For more control over bin edges and labels, use pd.cut() separately and then apply value_counts() on the result. The bins parameter in value_counts() creates equal-width bins automatically, which may not always match your analytical needs.
Controlling Sort Order
import pandas as pd
data = pd.Series(['B', 'A', 'C', 'A', 'B', 'A'])
# Default: sorted by count, most frequent first
print("By count (descending):")
print(data.value_counts())
print()
# Sorted alphabetically by value
print("By value (alphabetical):")
print(data.value_counts().sort_index())
print()
# Sorted by count, least frequent first
print("By count (ascending):")
print(data.value_counts(ascending=True))
Output:
By count (descending):
A 3
B 2
C 1
Name: count, dtype: int64
By value (alphabetical):
A 3
B 2
C 1
Name: count, dtype: int64
By count (ascending):
C 1
B 2
A 3
Name: count, dtype: int64
Selecting the Top N Most Frequent Values
When a column has many unique values, you often only care about the most common ones:
import pandas as pd
data = pd.Series(['A', 'B', 'C', 'A', 'B', 'A', 'D', 'E'])
# Top 3 most frequent
print(data.value_counts().head(3))
Output:
A 3
B 2
C 1
Name: count, dtype: int64
Adding Frequency as a DataFrame Column
Sometimes you need the frequency count for each row's value as a new column in the DataFrame.
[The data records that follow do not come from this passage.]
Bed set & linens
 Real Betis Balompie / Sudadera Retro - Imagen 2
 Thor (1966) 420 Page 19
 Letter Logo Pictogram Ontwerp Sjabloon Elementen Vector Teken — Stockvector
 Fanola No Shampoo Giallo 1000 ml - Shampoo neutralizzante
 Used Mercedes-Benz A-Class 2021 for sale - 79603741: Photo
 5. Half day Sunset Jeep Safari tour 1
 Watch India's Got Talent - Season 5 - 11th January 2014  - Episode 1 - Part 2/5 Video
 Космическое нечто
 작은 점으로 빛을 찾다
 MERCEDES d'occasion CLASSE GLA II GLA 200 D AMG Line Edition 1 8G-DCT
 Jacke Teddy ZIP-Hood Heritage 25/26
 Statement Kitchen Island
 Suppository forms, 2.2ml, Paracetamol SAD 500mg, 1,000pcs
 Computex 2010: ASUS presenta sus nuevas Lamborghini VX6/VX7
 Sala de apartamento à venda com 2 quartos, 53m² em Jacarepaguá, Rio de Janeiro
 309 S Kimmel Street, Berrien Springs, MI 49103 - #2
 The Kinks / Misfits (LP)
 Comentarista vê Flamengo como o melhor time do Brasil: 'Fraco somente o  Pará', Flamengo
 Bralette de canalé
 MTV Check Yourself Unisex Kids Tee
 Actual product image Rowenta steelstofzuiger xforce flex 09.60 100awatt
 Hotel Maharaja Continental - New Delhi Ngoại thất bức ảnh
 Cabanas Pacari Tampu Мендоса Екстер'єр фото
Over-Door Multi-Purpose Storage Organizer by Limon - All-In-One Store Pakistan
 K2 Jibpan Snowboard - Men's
Use groupby with transform('count') to map the group-level count back to each individual row:
import pandas as pd
df = pd.DataFrame({
'City': ['NY', 'LA', 'NY', 'CHI', 'LA', 'LA'],
'Sales': [100, 200, 150, 300, 250, 175]
})
df['City_Freq'] = df.groupby('City')['City'].transform('count')
print(df)
Output:
City Sales City_Freq
0 NY 100 2
1 LA 200 3
2 NY 150 2
3 CHI 300 1
4 LA 250 3
5 LA 175 3
Each row now shows how many times its city appears in the dataset. This is useful for feature engineering in machine learning or for identifying rare categories that might need special handling.
Building a Complete Frequency Table
Combine counts and percentages into a single summary table:
import pandas as pd
data = pd.Series(['A', 'A', 'A', 'B', 'B', 'C'], name='Category')
counts = data.value_counts()
pct = data.value_counts(normalize=True) * 100
freq_table = pd.DataFrame({
'Count': counts,
'Percent': pct.round(1),
'Cumulative': pct.cumsum().round(1)
})
print(freq_table)
Output:
Count Percent Cumulative
Category
A 3 50.0 50.0
B 2 33.3 83.3
C 1 16.7 100.0
The cumulative column shows that A and B together account for 83.3% of all values.
Quick Reference
| Goal | Method |
|---|---|
| Raw counts | s.value_counts() |
| Proportions | s.value_counts(normalize=True) |
| Percentages | s.value_counts(normalize=True) * 100 |
| Include NaN | s.value_counts(dropna=False) |
| Numeric bins | s.value_counts(bins=N) |
| Sort by value | s.value_counts().sort_index() |
| Top N values | s.value_counts().head(N) |
| Row-level frequency | df.groupby('col')['col'].transform('count') |
- Use
value_counts()for quick frequency analysis. It handles sorting and counting efficiently out of the box. - Add
normalize=Truefor proportions,dropna=Falseto include missing values, andbinsto categorize continuous numeric data. - Use
transform('count')when you need to add frequency counts back as a column in your DataFrame.